Непосредственное управление университетами осуществляют аналоги исполнительной власти, названия которых варьируется от университета к университету. В Louisiana State University, например, это Канцлер (Chancellor) и его Офис (Office) (K&O), выполняющие функции президента и его администрации. В непосредственном подчинении Канцлера находятся разнообразные службы административно-финансового характера, обеспечивающие каждодневное функционирование университета. «При» Канцлере располагаются важные совещательные органы и фигуры. Это Университетский Омбудсперсон плюс двуумвират, состоящий из Старшего Ассоциированного Директора Атлетики (Senior Associated Athletics Director) и Ассоциированного Вице-Канцлера (Associated Vice Chancellor for University Relations), отвечающего за «Университетские Отношения» (Аналог Министра Иностранных Дел). При этом двуумвирате состоит ряд Советов и Комитетов, консультирующих K&O и помогающих университетскому руководству вырабатывать согласованную позицию по любым вопросам. Важнейшей должностью, непосредственно подчиненными Канцлеру, являются Исполнительный Вице-Канцлер и Провост (Academic Affairs Executive Vice Chancellor & Provost). Он входит в узкий совещательный круг при Канцлере, в котором состоят также три вышеупомянутых должности с советами и комитетами при них. Персона, исполняющая обязанности в рамках этой должности, является непосредственным функциональным начальником двух крупных эшелонов юнитов.

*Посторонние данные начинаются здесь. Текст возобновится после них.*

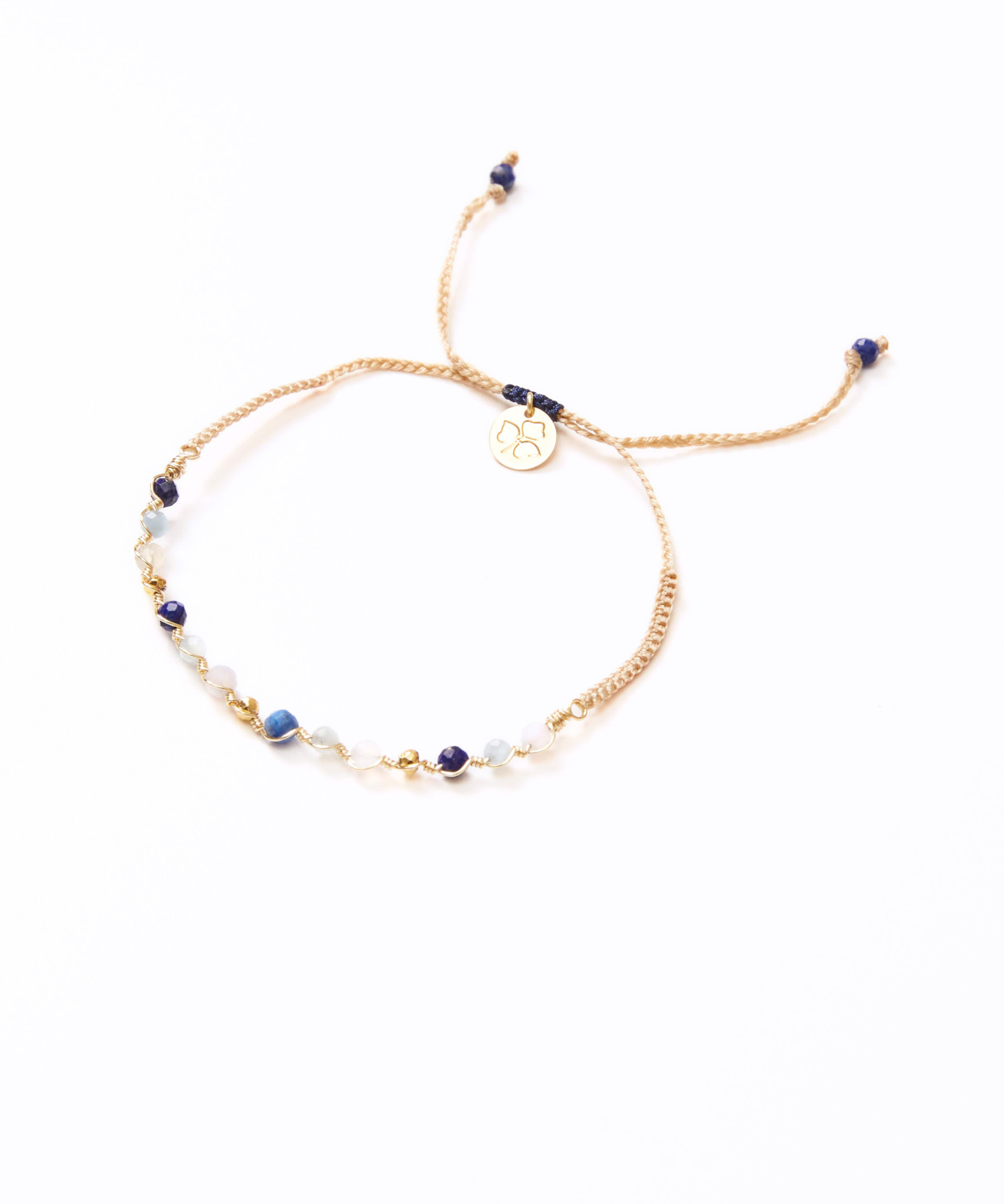 PULSERA ALPHA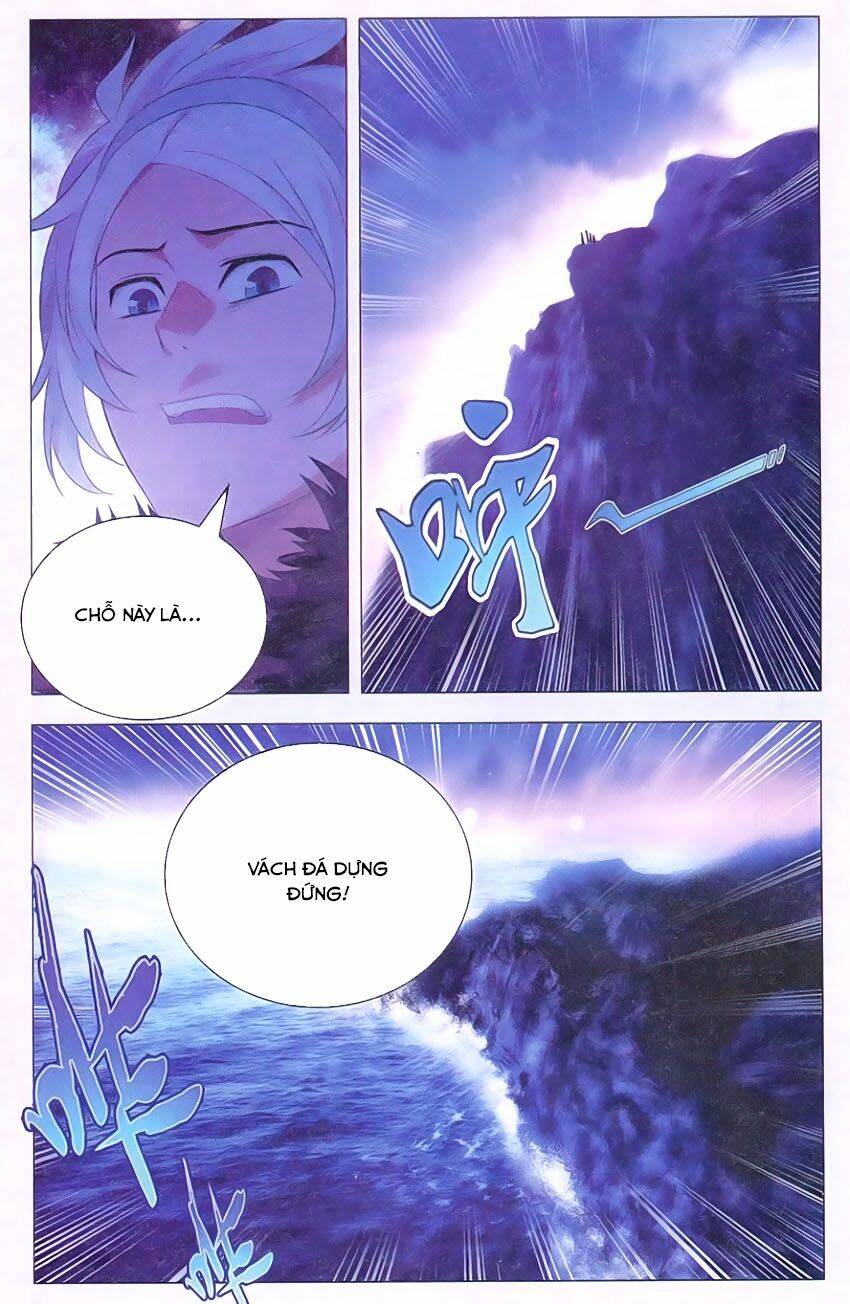 chín chín tám mươi một - 9981 chapter 85 8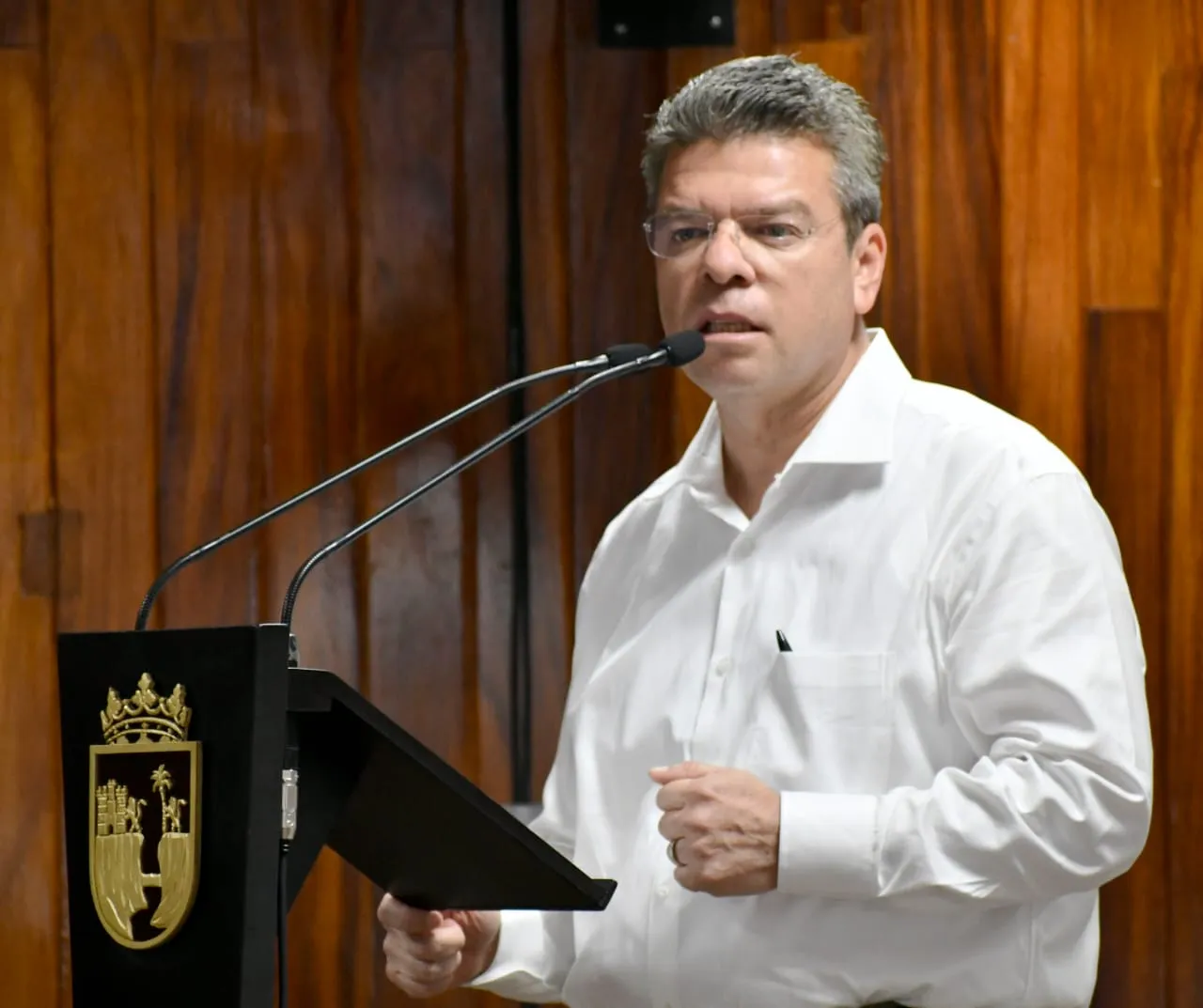 Alcaldes deben intensificar acciones para combatir COVID-19: Ismael Brito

Первый эшелон включает различные департаменты стратегического и обслуживающего назначения, в число которых, например, входят:

- Отдел Стратегических Инициатив,

- Отдел Научного и Экономического Развития,

- Отдел Информационных Технологий,

- Отдел Студенческой Жизни,

- Отдел Академических Дел и Планирования,

- Отдел Университетского Пространства, Собственности и Недвижимости,

- Отдел Фискального Менеджмента,

- Отдел Справедливости, Разнообразия и Связей с Местными Общинами.

Второй эшелон состоит уже преимущественно из собственно научно-образовательных учреждений. Сюда входят 17 академических Колледжей (Colleges) и Школ (Schools), возглавляемых деканами (deans).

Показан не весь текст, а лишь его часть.